Is IBM Delivering a Speedier File System?
May 27, 2012
IBM’s Parallel file system just got a makeover, but speed and synchronization took a hit in the process. The article IBM Parks Parallel File System on Big Data’s Lawn gives us a breakdown on the pros and cons of GPFS 3.5.
On a positive note, this is a big data friendly system. GPFS has a multi-cluster synchronous replication feature enabling a central site to be mirrored with remote sites. The user gets continuous file access to mirrored sites.
Clients lose some control with the new GPFS. Data access is only available at a lessor local network speed instead of high speed. Users also can’t control the amount of data they take in from mirrored sites.
GPFS adds additional user requirements as;
“IBM expected GPFS customers to use flash storage with de-clustered RAID to hold its specific metadata.”
“GPFS is pretty much independent of what goes on below the physical storage.”
“GPFS 3.5 can also be run in a shared-nothing, Hadoop-style cluster and is POSIX-compliant, unlike Hadoop’s HFS. GPFS 3.5 is big-data capable and can deliver big insights from a big insight cluster. This release of GPFS does not, however, have any HFS import facility.”
One might view the overall convenience as a balance to the issues. However, when speed and synchronicity are necessary, GPFS’s efficiency is put to question. We like the parallel file system, but we have to wonder if synchronization is a concern?

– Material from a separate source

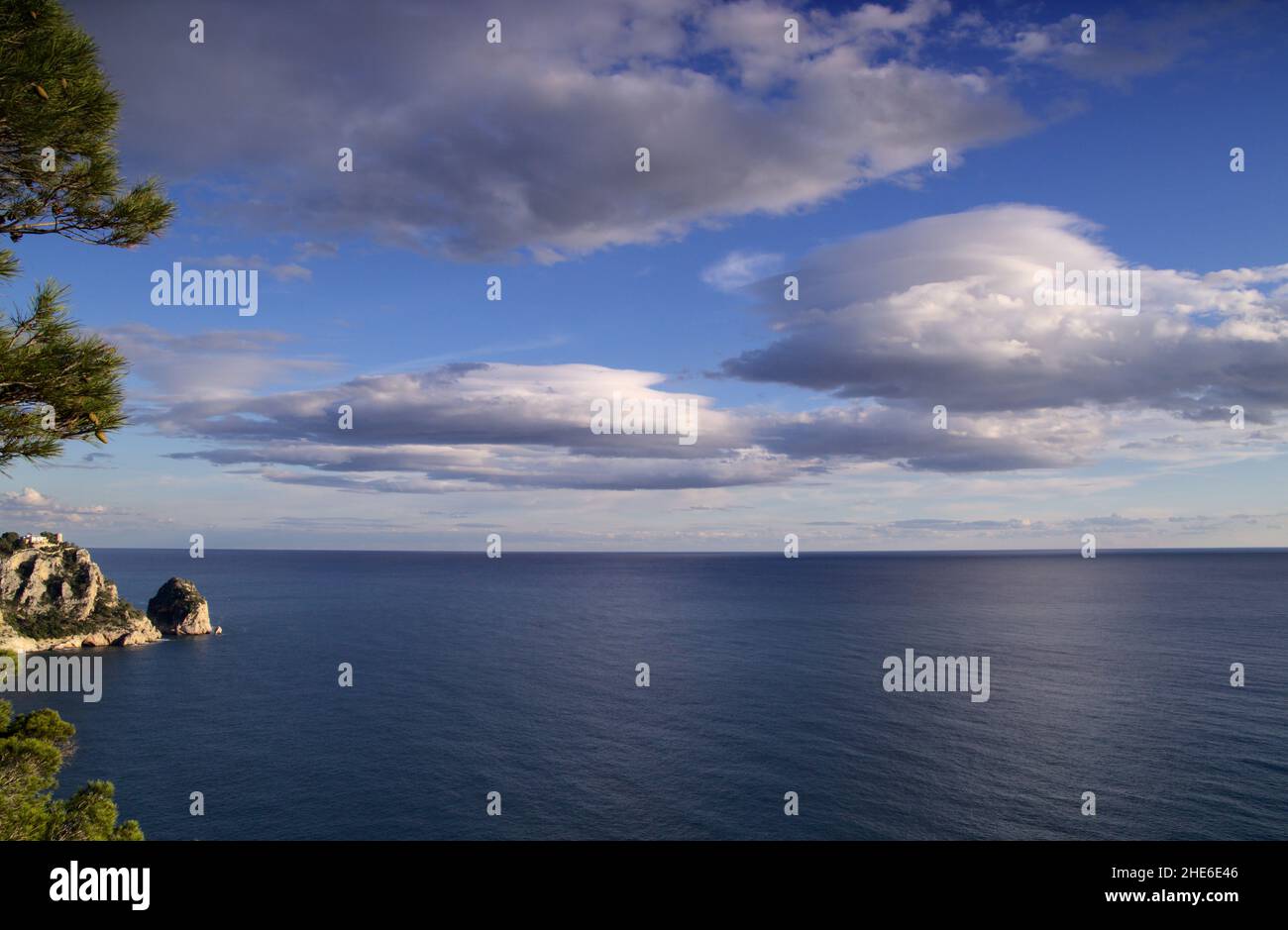 Côte de la Communauté Valencienne dans la province d'Alicante, vue du point de vue de Mirador Pons Ibanez Banque D'Images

Jennifer Shockley, May 27, 2012
Comments
One Response to “Is IBM Delivering a Speedier File System?”
GPFS is one of IBM’s hidden crown jewels. Having worked in this area a while back, it really has some battle-tested performance and scalability that has withstood many challengers from inside and outside IBM. To get it into more hands because big data is trendy is a good thing.